— ENTRIES PROVIDED —

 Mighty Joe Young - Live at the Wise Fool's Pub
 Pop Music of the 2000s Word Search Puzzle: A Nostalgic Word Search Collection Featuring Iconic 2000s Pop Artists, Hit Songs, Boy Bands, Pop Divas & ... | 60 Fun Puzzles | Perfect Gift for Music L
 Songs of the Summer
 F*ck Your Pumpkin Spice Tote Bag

--

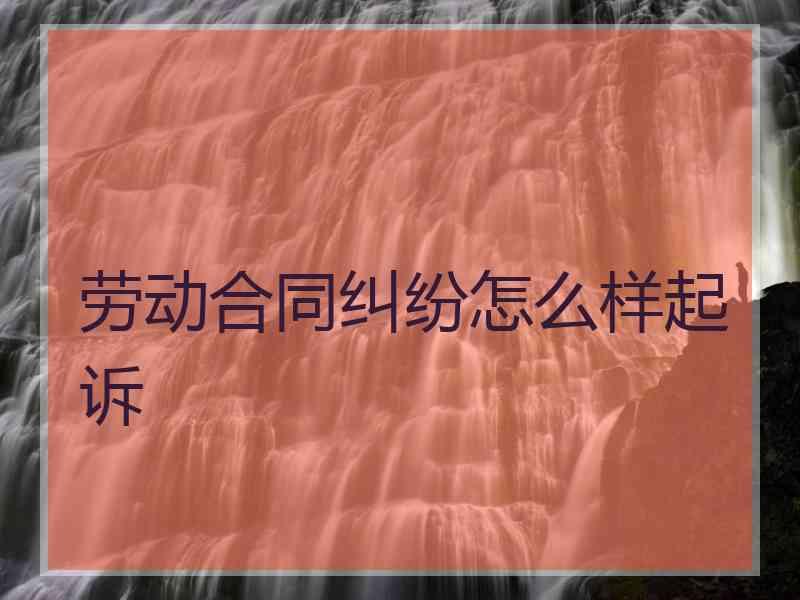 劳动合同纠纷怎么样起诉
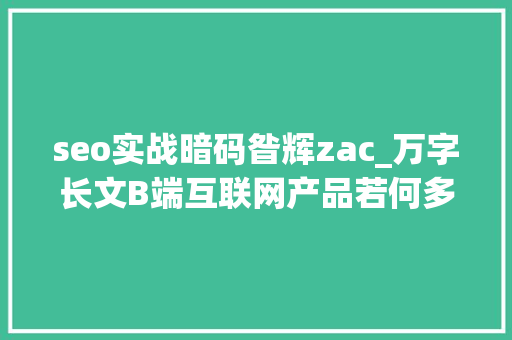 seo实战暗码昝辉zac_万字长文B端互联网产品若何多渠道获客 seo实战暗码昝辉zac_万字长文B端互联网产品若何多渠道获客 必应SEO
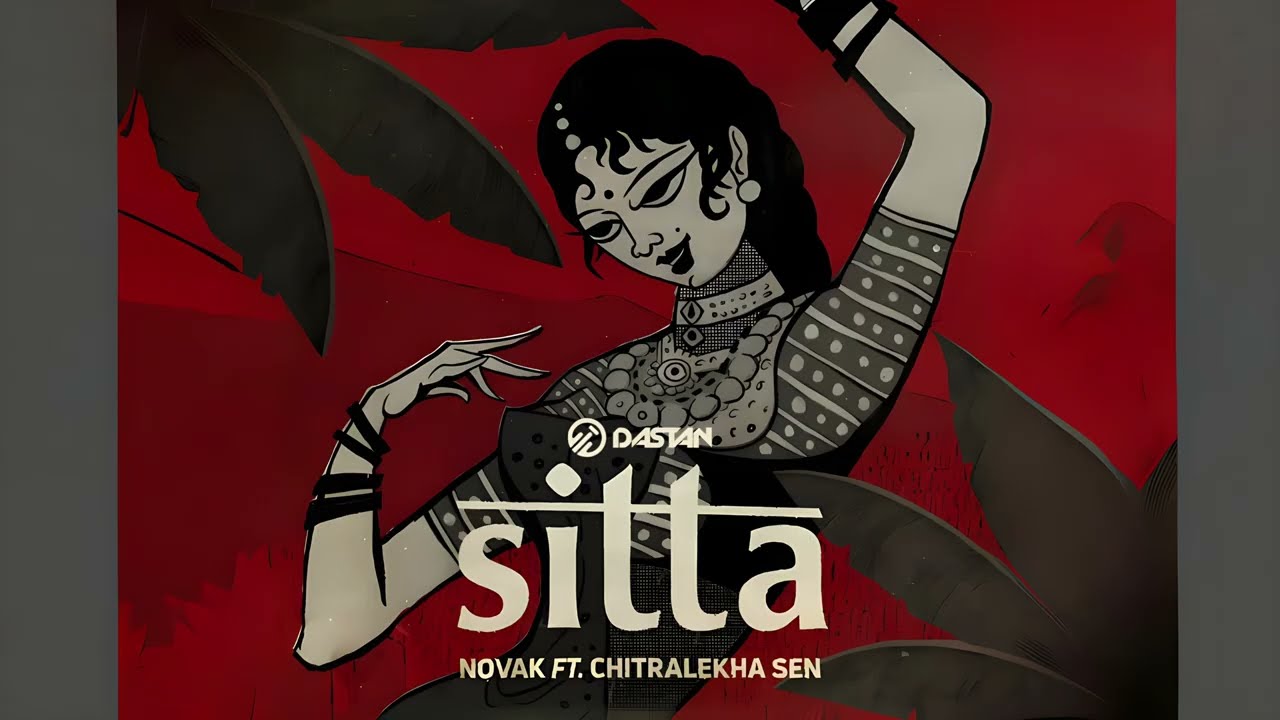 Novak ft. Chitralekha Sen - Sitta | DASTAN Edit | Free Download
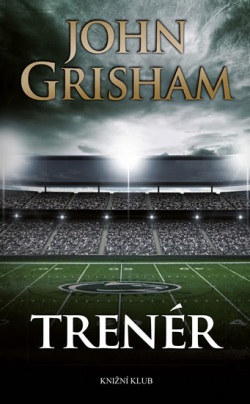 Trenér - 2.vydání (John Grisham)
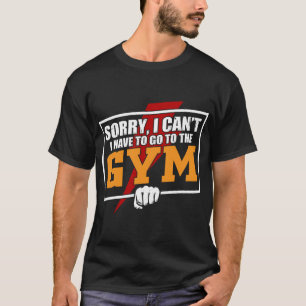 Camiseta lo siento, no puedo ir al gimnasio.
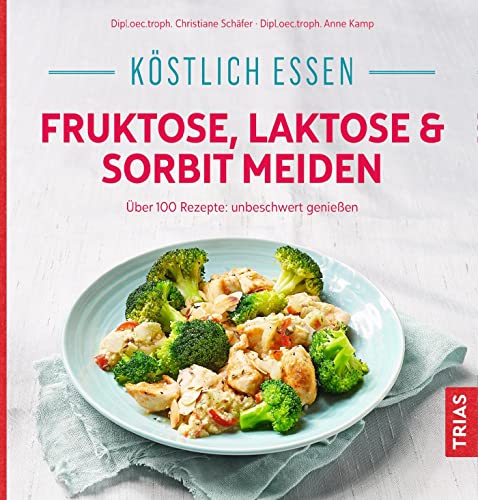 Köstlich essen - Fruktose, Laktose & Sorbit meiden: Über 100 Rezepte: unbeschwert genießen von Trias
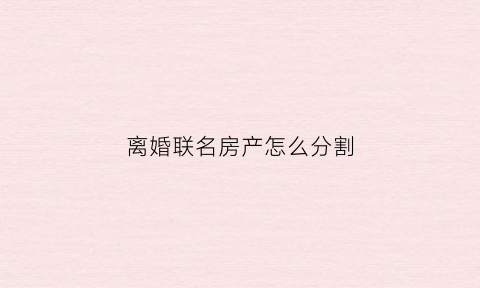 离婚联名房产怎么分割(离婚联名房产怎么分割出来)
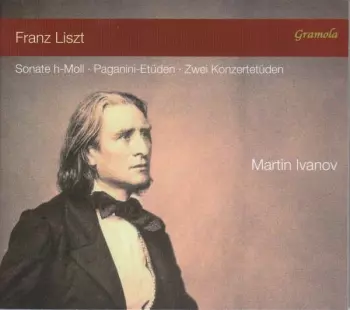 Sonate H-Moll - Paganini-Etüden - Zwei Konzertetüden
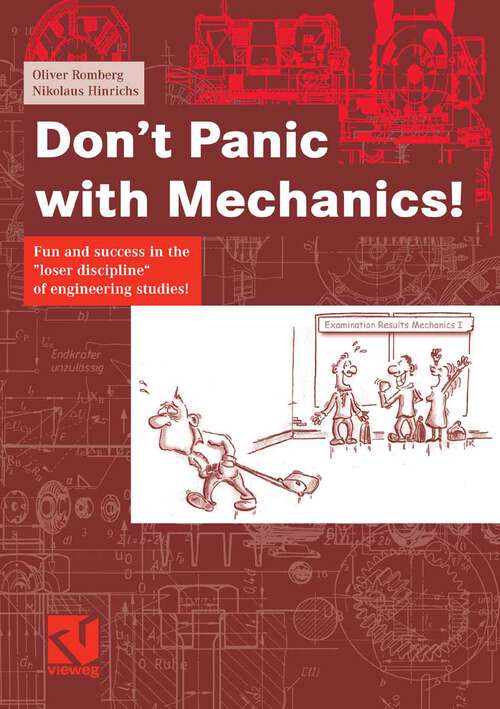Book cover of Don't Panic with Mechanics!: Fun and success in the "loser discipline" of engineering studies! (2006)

— TASK TO CARRY OUT —
Leaving out each picture, repeat exactly the lines above from the one that contains "Sonate H-Moll - Paganini-Etüden" through the one that contains "Book cover of".

— SOLUTION —
 Sonate H-Moll - Paganini-Etüden - Zwei Konzertetüden
Book cover of Don't Panic with Mechanics!: Fun and success in the "loser discipline" of engineering studies! (2006)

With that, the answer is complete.